Buck sentit son cœur battre la chamade dans sa poitrine, chaque pulsation résonnant comme un rappel de la gravité de la situation. Il savait qu'il devait parler, qu'il devait ouvrir son cœur et partager ce qui pesait sur son esprit depuis trop longtemps. L'épreuve des dernières heures l'avait laissé à bout de nerfs, mais il comprenait que c'était le moment ou jamais de faire face à la réalité et de communiquer ses sentiments les plus profonds.
Il prit une profonde inspiration, comme s'il cherchait à puiser dans ses dernières réserves de calme et de courage. L'air frais qui entra dans ses poumons semblait presque symboliser une tentative de renouvellement, une chance de repartir sur de nouvelles bases. Ses doigts tremblants effleurèrent la surface rugueuse du canapé, cherchant un réconfort dans la texture familière.
Il se tourna vers Eddie, dont le regard était empreint d'une patience infinie et d'une inquiétude silencieuse. Les yeux d'Eddie, pleins de compassion et d'une détermination tranquille, étaient le seul réconfort dont Buck avait besoin en ce moment. Il savait que cet échange serait difficile, mais il était déterminé à ne pas laisser le poids de ses erreurs et de ses peurs détruire ce qu'ils avaient construit ensemble.

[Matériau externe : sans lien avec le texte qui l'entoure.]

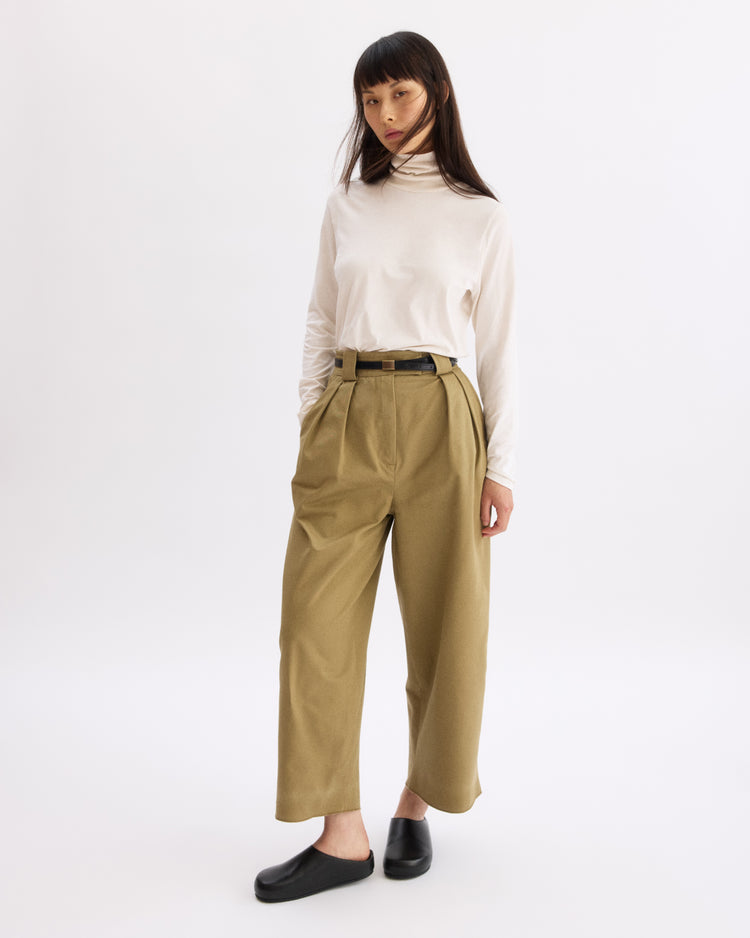 A person stands against a white background wearing a white turtleneck, Arlo Mott Grand Wide Leg Pant in Khaki with a black belt, and black slip-on shoes. Their hands are in their pockets and they have straight, long hair.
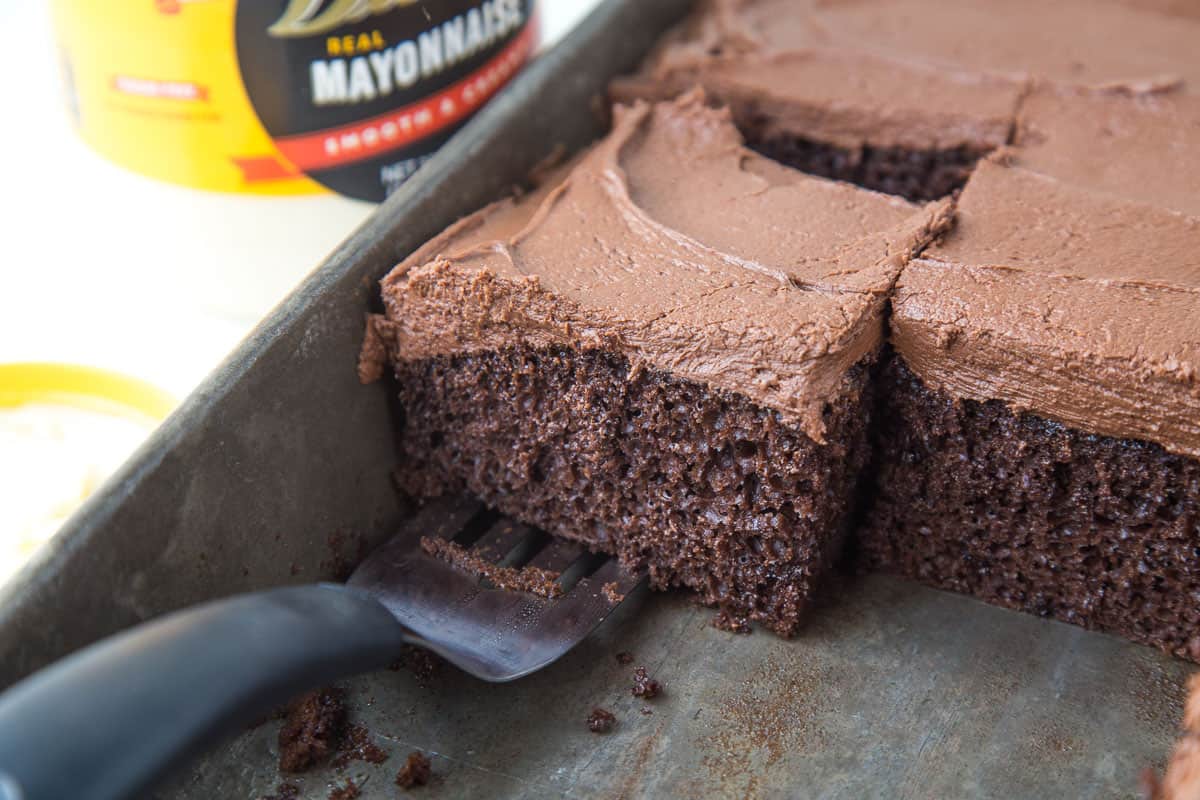 a spatula lifting a slice of chocolate mayonnaise cake out of a metal pan.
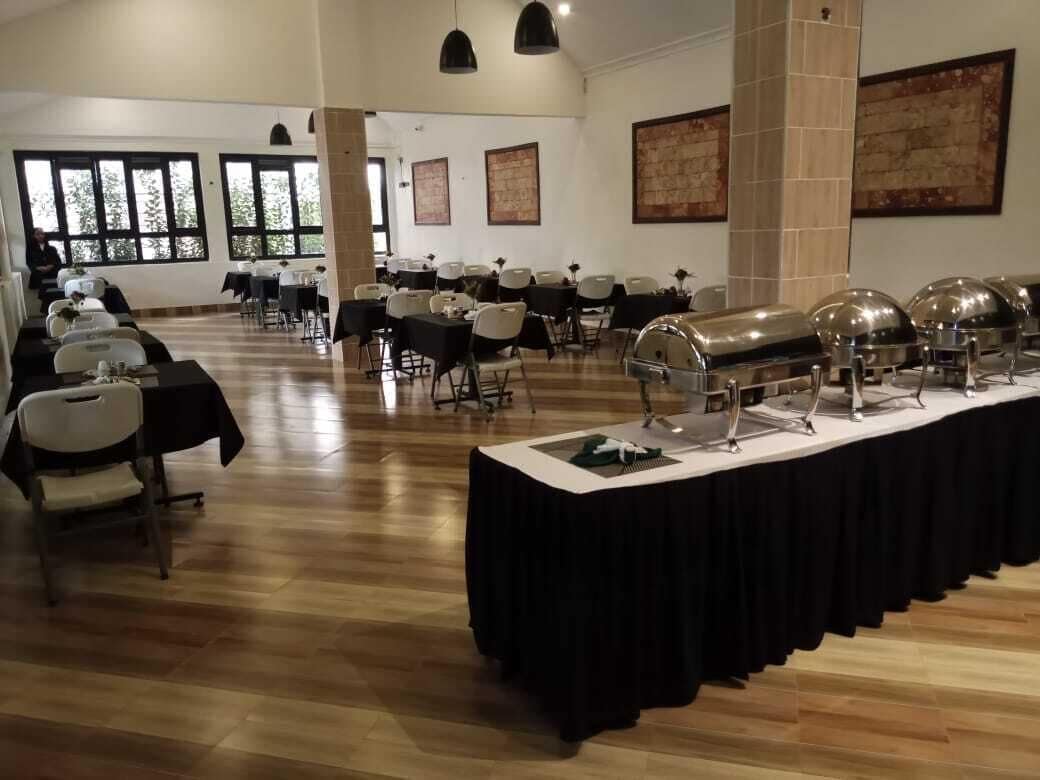 Un salón de banquetes con varias mesas, sillas y una mesa de buffet.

Avec une voix qui trahissait une légère nervosité, Buck commença enfin à parler, chaque mot soigneusement choisi pour exprimer la profondeur de ses sentiments. Il se sentait comme un naufragé accostant enfin sur une terre ferme après une longue tempête, espérant que ses paroles trouveraient un écho dans le cœur d'Eddie et l'aideraient à comprendre la complexité de ses émotions et de ses actions.
– Je suis soulagé que tu n'aies pas tué mon oncle, mais... je t'avoue que si tu l'avais fait, je t'aurais compris.
Eddie hocha lentement la tête.
– J'ai eu envie de le faire, avoua-t-il. Surtout après tout ce que tu m'as raconté. Mais je ne pouvais pas... Je ne pouvais pas risquer de te perdre ou de laisser Christopher sans son père.
Buck sentit ses yeux s'embuer de larmes.
– Je te promets de ne plus jamais faire ça, de m'accuser pour quelque chose que je n'ai pas fait. Mais toi, promets-moi de toujours me dire la vérité, quelle qu'elle soit. On pourra toujours trouver une solution, ensemble.
Eddie prit les mains de Buck dans les siennes, son regard sérieux et plein de détermination.
– Ensemble. Je te le promets, Buck. Je ne te mentirai jamais, quoi qu'il arrive.